NVIDIA / spark-rapids

Spark RAPIDS plugin - accelerate Apache Spark with GPUs
https://nvidia.github.io/spark-rapids
Apache License 2.0
821 stars 235 forks source link

[BUG] executor crash intermittantly in scala2.13-built spark332 integration tests #9659

Closed pxLi closed 11 months ago

pxLi commented 1 year ago

Describe the bug After set up regular integrations tests CI for scala2.13-built plugin (built with default jdk8, run with java 17 runtime) we found intermittent failures of executor crashed no clear reasons in spark 332 IT (spark340 passed fine)

  1. 3 runs failed with different test cases
  2. from the executor logs, they showed nothing about why it got killed
  3. from the pod level memory dashboard, the memory footprint is OK (peak ~37GB and the limitation is 60GB)
  4. All 3 failed cases were on different hosts
FAILED ../../src/main/python/window_function_test.py::test_decimal_running_sum_window[Decimal(12,2)][INJECT_OOM, IGNORE_ORDER] - py4j.protocol.Py4JJavaError: An error occurred while calling o1350645.collectToPython.
[2023-11-04T12:55:43.678Z] : org.apache.spark.SparkException: Job aborted due to stage failure: Task 2 in stage 24613.0 failed 1 times, most recent failure: Lost task 2.0 in stage 24613.0 (TID 172988) (100.103.204.47 executor 1): ExecutorLostFailure (executor 1 exited caused by one of the running tasks) Reason: Executor heartbeat timed out after 163377 ms
FAILED ../../src/main/python/delta_lake_merge_test.py::test_delta_merge_match_delete_only[10-['a', 'b']-True-(range(0, 10), range(0, 20))][INJECT_OOM, IGNORE_ORDER, ALLOW_NON_GPU(DeserializeToObjectExec,ShuffleExchangeExec,FileSourceScanExec,FilterExec,MapPartitionsExec,MapElementsExec,ObjectHashAggregateExec,ProjectExec,SerializeFromObjectExec,SortExec)] - py4j.protocol.Py4JJavaError: An error occurred while calling o21328.save.
[2023-11-07T15:32:31.586Z] E                   Caused by: org.apache.spark.SparkException: Job aborted due to stage failure: Task 6 in stage 1481.0 failed 1 times, most recent failure: Lost task 6.0 in stage 1481.0 (TID 20424) (100.101.238.63 executor 0): ExecutorLostFailure (executor 0 exited caused by one of the running tasks) Reason: Executor heartbeat timed out after 130696 ms
FAILED ../../src/main/python/delta_lake_update_test.py::test_delta_update_partitions[['a']-True][INJECT_OOM, IGNORE_ORDER, ALLOW_NON_GPU(DeserializeToObjectExec,ShuffleExchangeExec,FileSourceScanExec,FilterExec,MapPartitionsExec,MapElementsExec,ObjectHashAggregateExec,ProjectExec,SerializeFromObjectExec,SortExec)] - py4j.protocol.Py4JJavaError: An error occurred while calling o28613.save.
[2023-11-07T20:03:22.336Z] : org.apache.spark.SparkException: Job aborted due to stage failure: Task 45 in stage 2227.0 failed 1 times, most recent failure: Lost task 45.0 in stage 2227.0 (TID 27324) (100.102.147.205 executor 0): ExecutorLostFailure (executor 0 exited caused by one of the running tasks) Reason: Executor heartbeat timed out after 166113 ms

failed spark332 image image

passed spark340 image

Steps/Code to reproduce bug rerun internal rapids_integration-scala213-dev-github pipeline (~50% reproduciable)

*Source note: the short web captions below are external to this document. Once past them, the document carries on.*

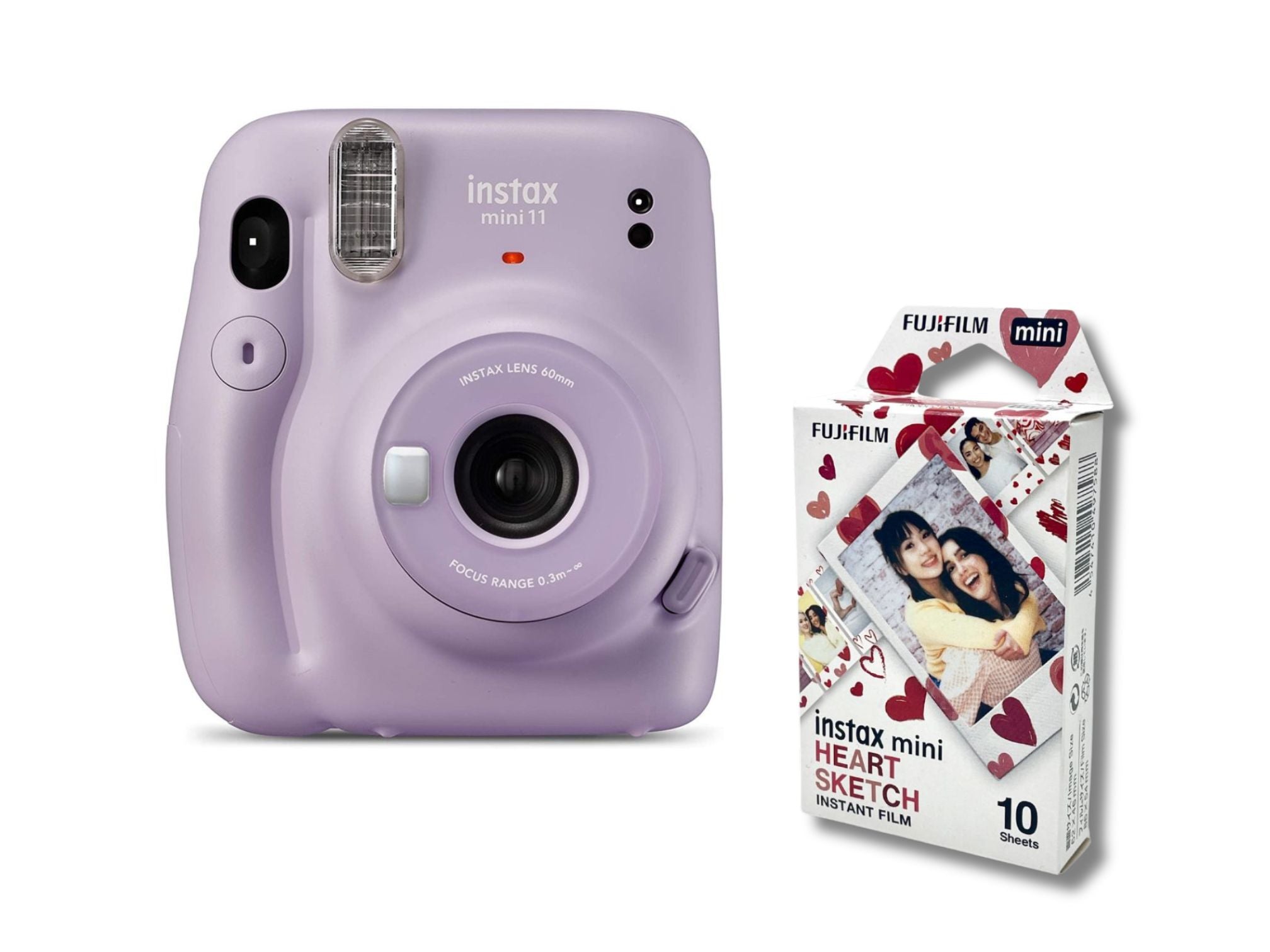 Fujifilm Instax Mini 11 Camera and Sketch Heart Instax Film Bundle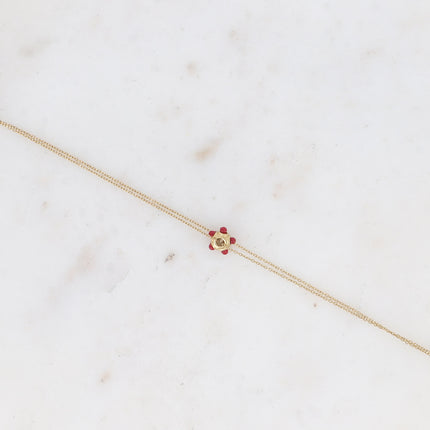 Bracelet - mini disc pendant and natural stones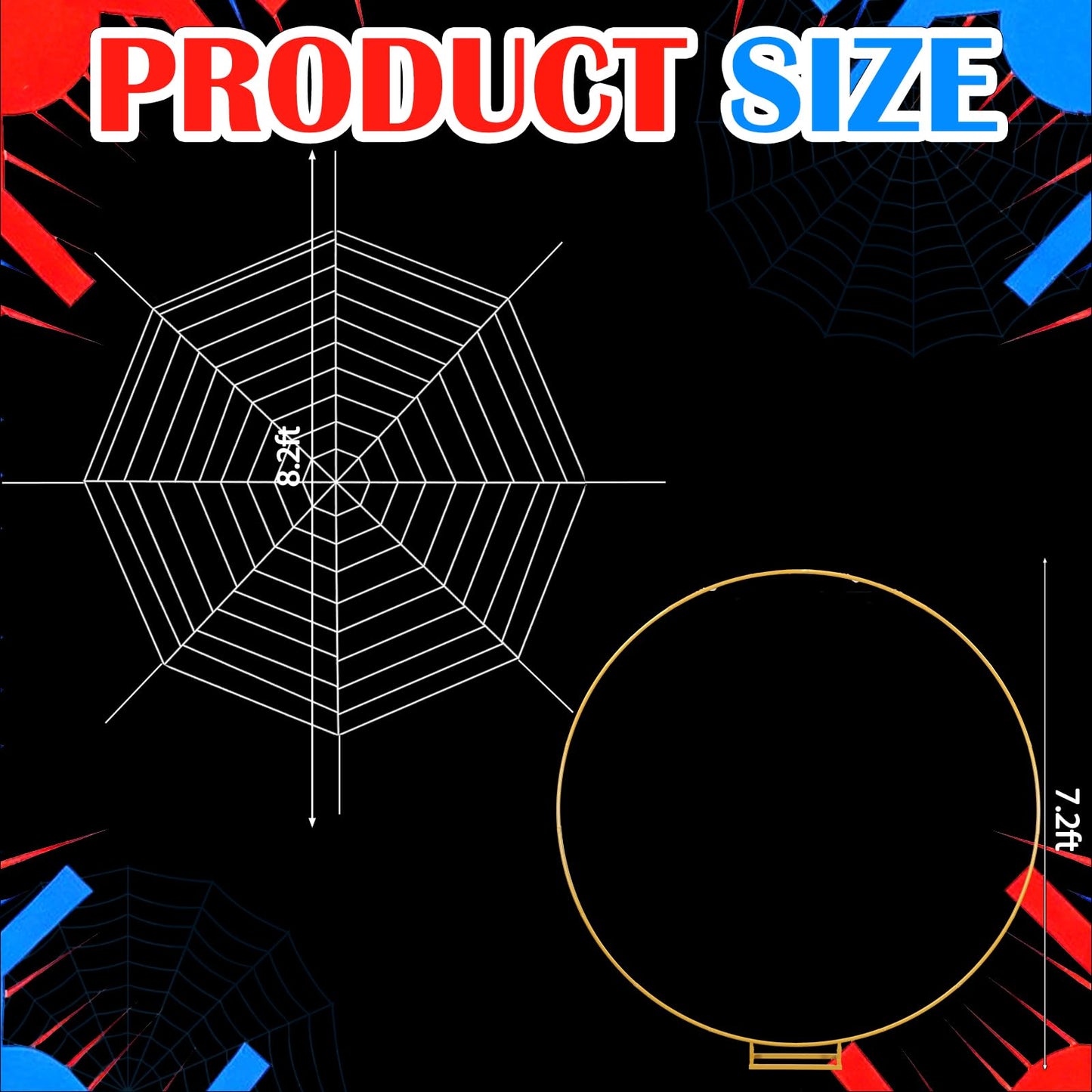 Kathfly Spider Theme Party Decorations, 7.2ft Metal Round Arch 8.2 ft Large Fake Spider Web Indoor Outdoor Cobweb for DIY Balloon Arch Kit Backdrop Halloween Haunted House Birthday Party Photo Props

Expected behavior passed the test

Environment details (please complete the following information)

Additional context Add any other context about the problem here.

jlowe commented 1 year ago

Saw another one of these for test_repartition_df_for_round_robin, also running for spark332.

jlowe commented 11 months ago

IIUC this is failing in local mode, and it's pretty odd to get an executor heartbeat timeout when the driver and executor are in the same JVM instance. What might be happening here is that the JVM is GC'ing a lot, causing executor heartbeat timers to expire before the executor can heartbeat in time. We saw instances of this with #9829, and I'm wondering if the fix for it in #9944 would also address this issue. Unfortunately #9944 only went into 24.02 so far, so we'd have to check the 24.02 pipelne for scala2.13 to see if there's any improvement going forward.

NVnavkumar commented 11 months ago

IIUC this is failing in local mode, and it's pretty odd to get an executor heartbeat timeout when the driver and executor are in the same JVM instance. What might be happening here is that the JVM is GC'ing a lot, causing executor heartbeat timers to expire before the executor can heartbeat in time. We saw instances of this with #9829, and I'm wondering if the fix for it in #9944 would also address this issue. Unfortunately #9944 only went into 24.02 so far, so we'd have to check the 24.02 pipelne for scala2.13 to see if there's any improvement going forward.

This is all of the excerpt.